Speaking of the notification, a real gripe I have with Rockstars’ UI choice for notifications is how small and out of the way they always are. On a decent size flatscreen I have trouble seeing the messages, and since tutorial notifications are only shown once, I miss a lot of vital information.

Now, this UI style is aesthetically pleasing, but aesthetics should never trump function- tutorials teaches the user how the game system works, and a user is more likely to monetize on a system they understand than they are a system they don’t.

The steaming avatar lobby idea itself is good, but its current iteration is underwhelming. All avatars streaming in did so facing away from the user and spawning as close to the spawn point as possible. This stacks all avatars together in a weird cultish huddle. I’d like to see multiple spawn points across the launch area, with prefab character animations dedicated to each spawn point:

- avatar drinking, smoking, conversing with other avatars, etc.

- avatars huddled around an open car hood

Now, this idea may be invalid, as it may not fit in with the rest of the game system at all. But, this is as far as I have gotten in the game and I can literally not get past this point.

However, the fact that I am forced to do this race at all brings me to another rant- the fact that the GTAO tutorial on rails.

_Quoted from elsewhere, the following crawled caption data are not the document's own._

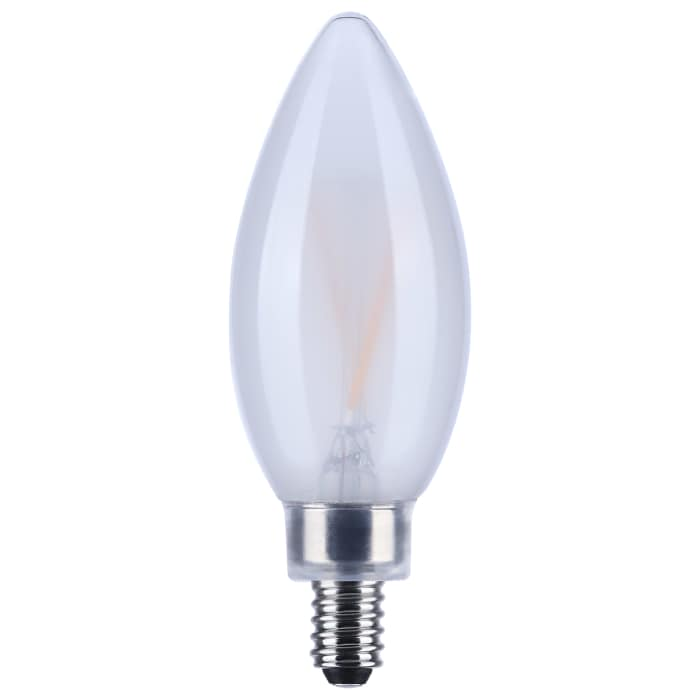 SATCO S21279 B11 LED Filament Bulb, 5.5W, 3000K, E12, Frost, Dimmable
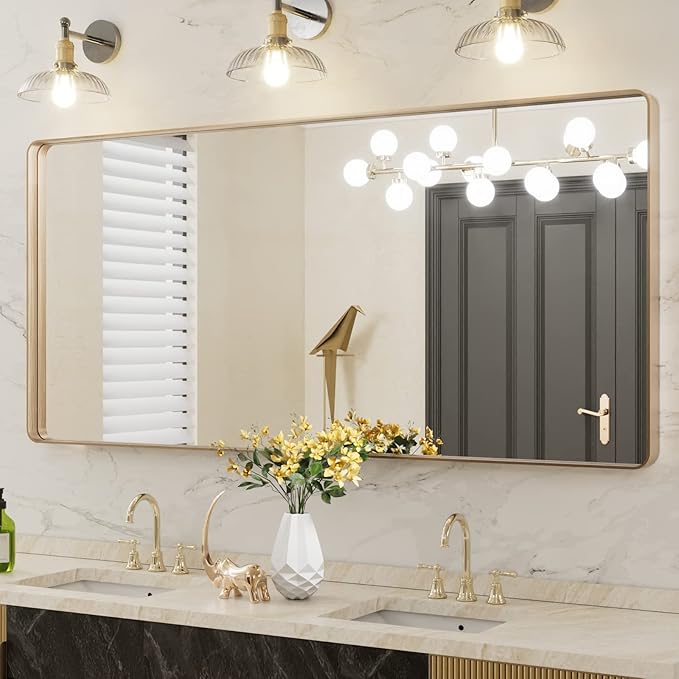 LOAAO 60”X28” Gold Bathroom Mirror, Rounded Rectangle Gold Frame Mirror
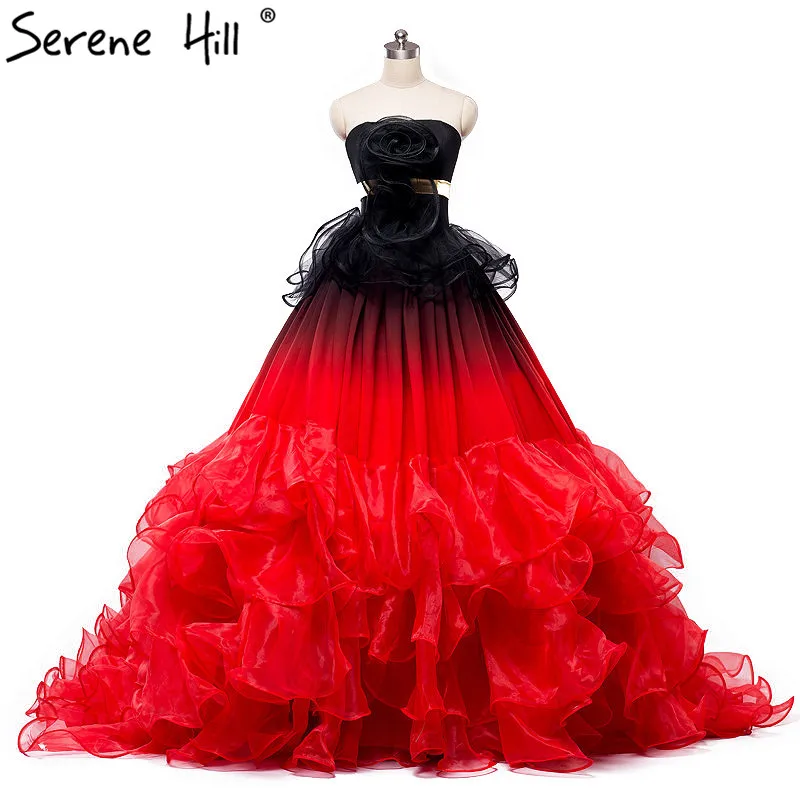 

Real Picture Luxury Gradient Color Ruffles Evening Dress Bridal Evening Dress Mariage 2019 Evening Gown HA2113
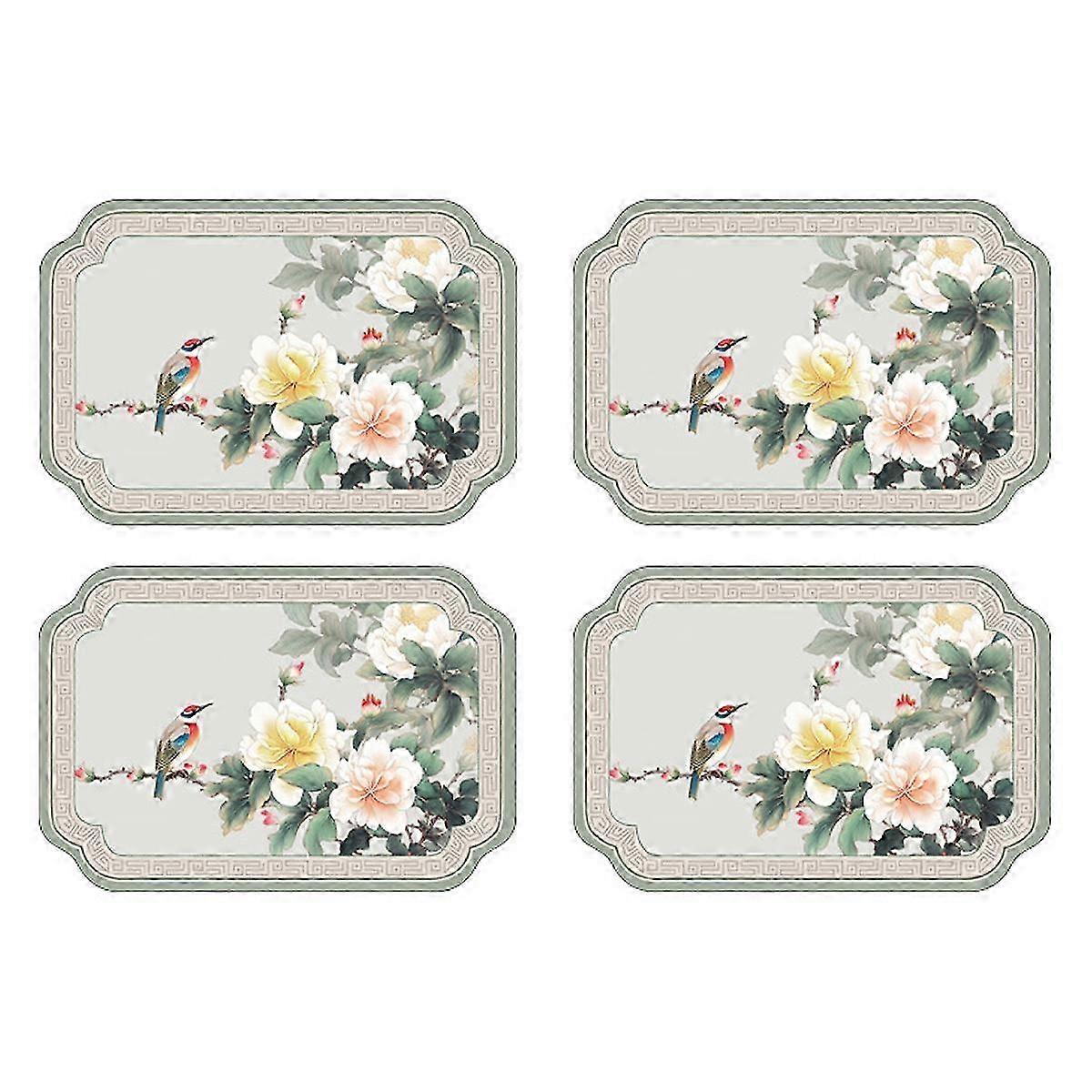 4 قطع غير قابلة للانزلاق مقاومة للماء وقابلة للغسل للمطبخ لتناول الطعام PVC الجدول الحصير من الجلد الصناعي 40 * 30 سم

See, Red Dead Redemption online gave me the expectation that I would be dropped into a Los Santos filled with the armed schizophrenics that are other people playing online. I was expecting that things like races and jobs were going to be things that the user could opt into. This may actually be the case but why would you not drop the player into the sandbox first and stumble upon the cool features you’ve put in the game. The feeling of joy stumbling upon a new feature is much more satisfying than being goose-marched through the tutorial. I personally believe in a game design tenant that the player should be in control, or the maximum illusion of control, at all possible times.

Rockstar is notorious for breaking this rule and putting any tutorial on-rails. It has cost Rockstar this time. The problem with it is that players could still be running around like RDR right now, and they could turn off any broken features as the players attempt to access them.

I will say though, that the music is pretty damn good during the tutorial, so good that the two hours spent writing this article I’ve left the game attempting to connect just for the music.

Now, this is just my experience and my opinions of what is otherwise a really good game. GTA Story Mode is worth the amount to purchase on its own right and I have nothing but for sympathy for the GTAO team- A team who I imagine haven’t slept in days fixing this issue. I hope to be able to buy them a coffee via a microtransaction soon.